--- Information provided ---

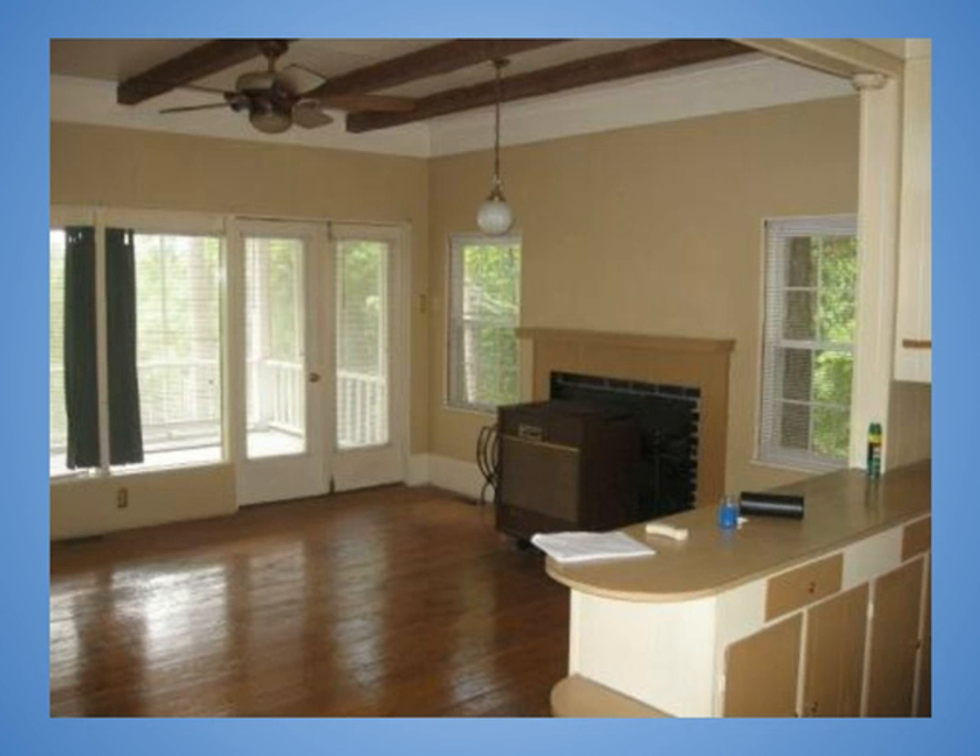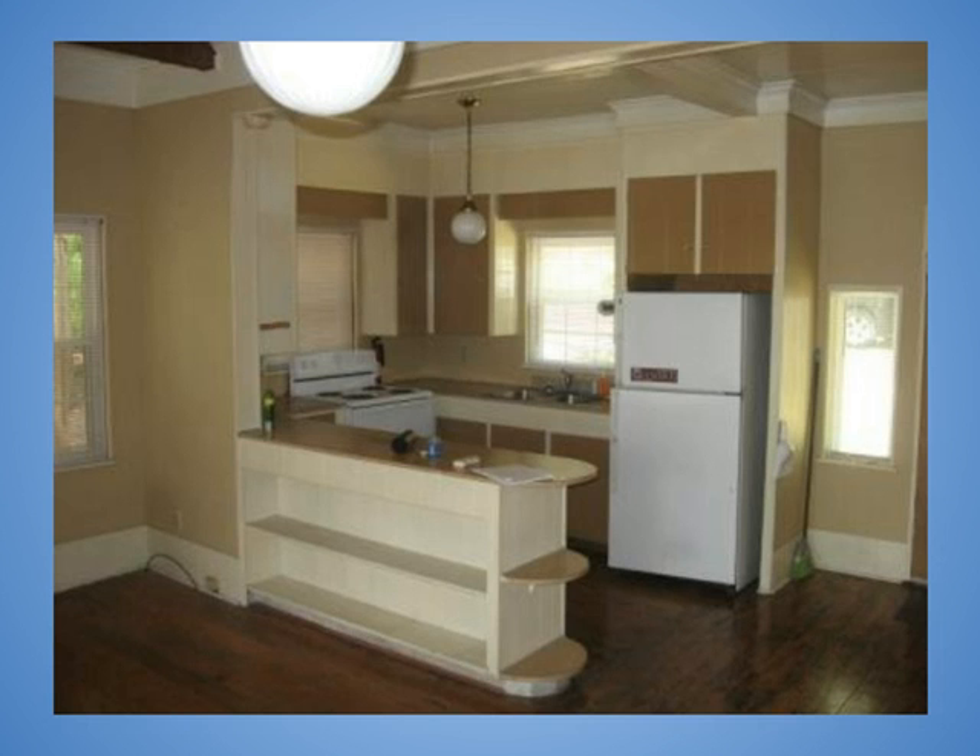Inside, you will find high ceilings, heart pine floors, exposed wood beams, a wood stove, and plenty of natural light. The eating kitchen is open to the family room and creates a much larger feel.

---
--- Information provided ---

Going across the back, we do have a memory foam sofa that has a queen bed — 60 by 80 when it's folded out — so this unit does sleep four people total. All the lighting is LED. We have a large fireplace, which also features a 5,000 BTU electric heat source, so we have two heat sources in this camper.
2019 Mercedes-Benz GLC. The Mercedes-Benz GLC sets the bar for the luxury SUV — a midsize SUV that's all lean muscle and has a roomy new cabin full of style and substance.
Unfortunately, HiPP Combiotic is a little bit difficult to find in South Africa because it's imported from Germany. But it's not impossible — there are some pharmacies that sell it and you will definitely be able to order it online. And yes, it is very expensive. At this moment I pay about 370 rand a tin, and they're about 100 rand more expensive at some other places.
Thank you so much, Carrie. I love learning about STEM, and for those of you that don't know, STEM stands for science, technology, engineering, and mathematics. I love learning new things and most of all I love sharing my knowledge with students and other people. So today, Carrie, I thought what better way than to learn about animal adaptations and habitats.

---
--- Information provided ---

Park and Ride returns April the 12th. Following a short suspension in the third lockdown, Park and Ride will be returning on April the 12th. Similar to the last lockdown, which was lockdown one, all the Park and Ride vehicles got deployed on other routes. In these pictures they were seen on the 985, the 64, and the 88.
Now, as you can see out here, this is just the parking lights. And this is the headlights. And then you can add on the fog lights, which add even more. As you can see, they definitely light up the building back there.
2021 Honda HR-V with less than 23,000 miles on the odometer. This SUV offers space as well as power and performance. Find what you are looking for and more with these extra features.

---

◆ Description of the task: When a line in the data holds the word "features", show that line.

◆ Task output:
Going across the back, we do have a memory foam sofa that has a queen bed — 60 by 80 when it's folded out — so this unit does sleep four people total. All the lighting is LED. We have a large fireplace, which also features a 5,000 BTU electric heat source, so we have two heat sources in this camper.
2021 Honda HR-V with less than 23,000 miles on the odometer. This SUV offers space as well as power and performance. Find what you are looking for and more with these extra features.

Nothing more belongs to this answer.